If you happen to live in a "no fault" insurance state, whether the other driver is uninsured won't necessarily matter. Broadly speaking, the no-fault (also called "personal injury protection" or "PIP") portion of your own policy would cover your injuries, lost income, and certain other economic losses resulting from the accident, up to a certain dollar limit.
Even in states where no-fault/PIP car insurance isn't mandatory, you might have PIP coverage as an add-on to your policy. If so, after an accident with an uninsured driver, at least some of your losses will be covered. Learn more about personal injury protection claims after a car accident.
It's a similar story with "medical payments" (or "MedPay") coverage, which is usually an add-on to a car insurance policy, and which pays your accident-related medical bills (relatively) quickly, usually as they come in.
Finally, you can always use your health insurance coverage to receive treatment for your car accident injuries. If you've got health insurance alongside PIP or MedPay coverage, you might be required to exhaust your coverage under one of these options before trying to use another. Check the fine print of the applicable policies and talk to an insurance company representative to understand the interplay of these different coverage options.
The car insurance coverage options we've discussed so far (uninsured motorist, no-fault, PIP, and MedPay) only apply to car accident injuries and related losses resulting from a car accident. They don't apply to damage to a vehicle or other property.
If you have collision coverage (which is always available as an add-on to a car insurance policy) it will pay to get your vehicle repaired or replaced (after you pay any deductible) regardless of who caused your car accident.

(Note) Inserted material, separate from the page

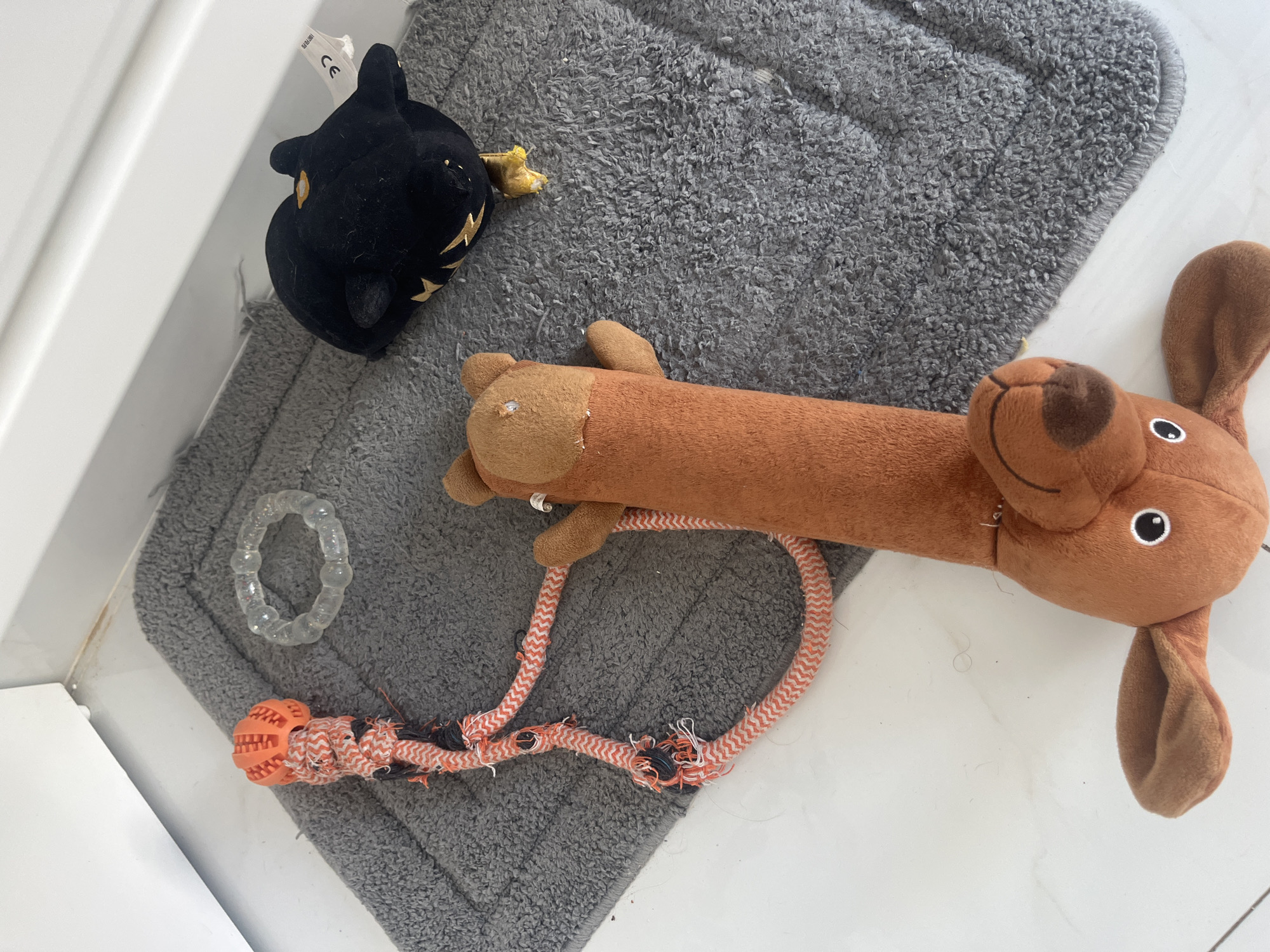 The scene shows a collection of dog toys on a gray mat. The toys include a black plush bat, a brown plush dog with a long body and rope attachment, a clear plastic teething ring, and an orange rubber ball attached to a frayed rope. The mat is located near a white wall. The location is Bac Nha Trang Ward, Vietnam.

In theory you could file a personal injury lawsuit against the driver who hit your car. Consider, however, whether it's worth the time and energy. Someone who carries no car insurance (in violation of the law) is not likely to have significant assets. No matter what amount the judge were to award you, the task of collecting on the judgment would be largely up to you. There's a reason why attorneys sometimes refer to someone with little in the way of assets as being "judgment-proof."

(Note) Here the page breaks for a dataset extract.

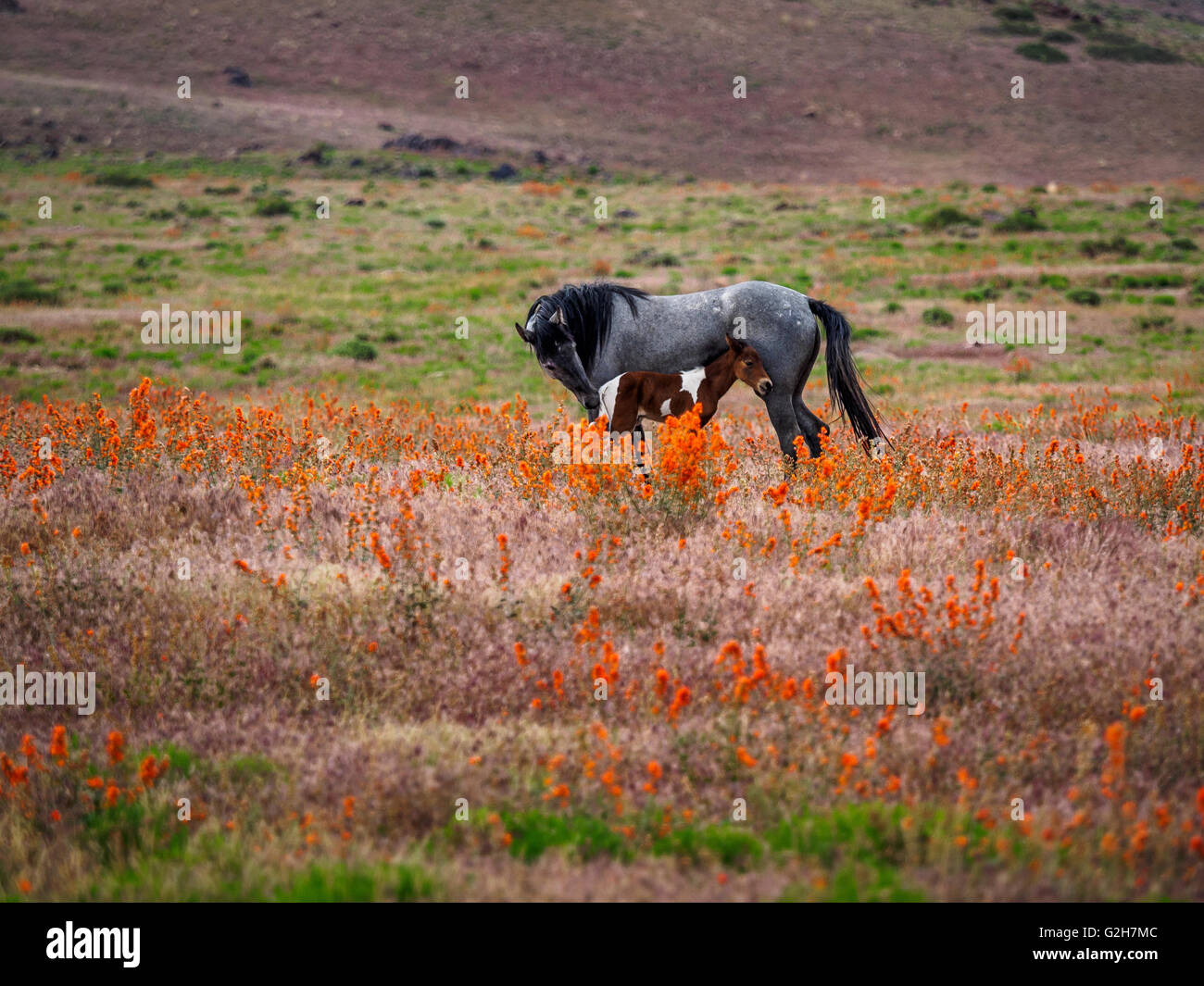 Wilde Stute mit ihrem Fohlen unter den Wildblumen der Utah Westen Wüste stehen. Stockfoto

If a car insurance company pays on a claim arising from an accident that was caused by someone else (an uninsured driver, for example), the company always has the legal right to turn around and try to get reimbursed (by those responsible for the accident) for whatever the company paid out via the claim. But practically speaking, for the same "judgment-proof" reasons we touched on in the previous section, an insurance company isn't usually going to waste time and resources trying to get money from someone who might have little or nothing in the way of assets.
This can seem like a confusing scenario, but it's actually quite simple from an insurance coverage standpoint. If the driver who hit you was driving an insured vehicle, that driver is almost always going to be considered a "covered driver" under the terms of the policy that applies to the vehicle. There are exceptions of course, including where the driver didn't have permission to drive the vehicle, or where the policy names certain covered drivers (i.e. family members) while specifically excluding anyone else from coverage, and the driver who hit you wasn't named as covered.
For information that's tailored to your situation after an accident with an uninsured driver, it might make sense to talk with a car accident lawyer.